À quoi pense-t-on dans ce genre de situation?
Quand l’esprit est clair, il faut essayer de ne pas globaliser la situation, mais plutôt prendre les problèmes un par un, sinon on prend peur! N’étant pas sûr que les secours arriveraient à temps, je me suis filmé, comme une forme de testament, pour raconter ce que j’avais fait, où j’en étais et pourquoi j’avais déclenché mes balises. Plein de petits problèmes aggravaient ma situation : je n’avais plus de lunettes et mes yeux s’étaient irrités avec le sable, un de mes chameaux était malade… Ça plombe le moral! J’étais aux limites des compromis. Donc, je pense que j’ai bien fait d’arrêter!
Votre renoncement semble encore difficile à accepter…
Quand je prononce cette phrase « j’ai bien fait d’arrêter », je n’en suis pas encore persuadé!
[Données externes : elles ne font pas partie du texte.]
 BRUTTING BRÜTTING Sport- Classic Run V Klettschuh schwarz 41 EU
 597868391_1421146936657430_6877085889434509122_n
C’est dur de renoncer à l’aventure quand on a tout donné. J’ai vraiment eu l’impression d’aller au bout de moi-même… Alors, se dire qu’il faut arrêter, c’est difficile! Quand on rentre, on essaie de comprendre, de voir si on a fait des erreurs ou pas, puis on s’aperçoit que non. On se rend finalement compte que c’est la nature qui a été la plus forte, mais cette réponse ne satisfait pas complètement…
Qu’avez-vous appris sur l’homme?
Qu’il est très prétentieux et l’aventurier aussi! C’est bien de prendre une telle claque, ça remet à sa place! Je n’avais jamais réellement subi d’échec et cette première fois m’a fait atteindre mes limites. S’arrêter, c’est mourir, et si personne n’était venu me secourir, j’allais mourir! Pourtant, on imagine toujours qu’il existe une solution. J’ai peut-être eu cette folie d’envisager de continuer… D’ailleurs, dans le monde des explorateurs, beaucoup de gens meurent!
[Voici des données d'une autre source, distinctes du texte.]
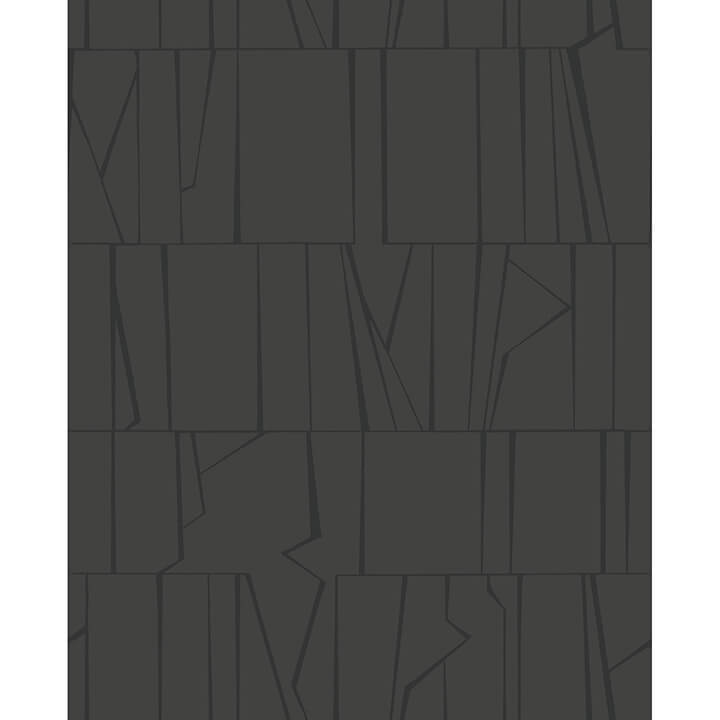 Bryant, Charcoal Gray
Les explorateurs n’ont-ils pas de limites?
L’homme n’est pas conditionné pour penser à la mort! On oublie aussi souvent que le mental décuple la volonté d’avancer, de supporter la douleur. Immergé dans l’action on ne pense qu’à survivre, car on a pas le choix de penser à autre chose! On peut aller très loin avec ce genre de pensée et parfois ça casse. Aussi, on est dans un tel état de stress que le cerveau et le corps baignent dans un cocktail d’adrénaline et d’endomorphine qui augmente les forces… Dans ces conditions, on s’épuise vite et la confiance exagérée en soi peut aussi s’avérer dangereuse.
Comment envisagez-vous l’avenir à présent?
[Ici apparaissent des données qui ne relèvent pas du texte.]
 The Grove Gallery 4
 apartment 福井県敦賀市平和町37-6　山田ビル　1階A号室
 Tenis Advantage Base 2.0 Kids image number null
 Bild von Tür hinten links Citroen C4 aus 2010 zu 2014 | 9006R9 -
Ce qui bouleverse ma vie aujourd’hui, c’est que je viens d’être papa! Désormais, je vois la vie autrement et ne pense plus prendre autant de risque. J’ai envie de transmettre à mon enfant mon goût du désert. Cela dit, plus le temps passe moins je suis fier d’être un homme… Nous sommes l’animal le moins adapté au milieu qui nous entoure et quand on ne s’adapte pas, on détruit!
[1]Régis Belleville était équipé d’un téléphone satellite et d’un GPS.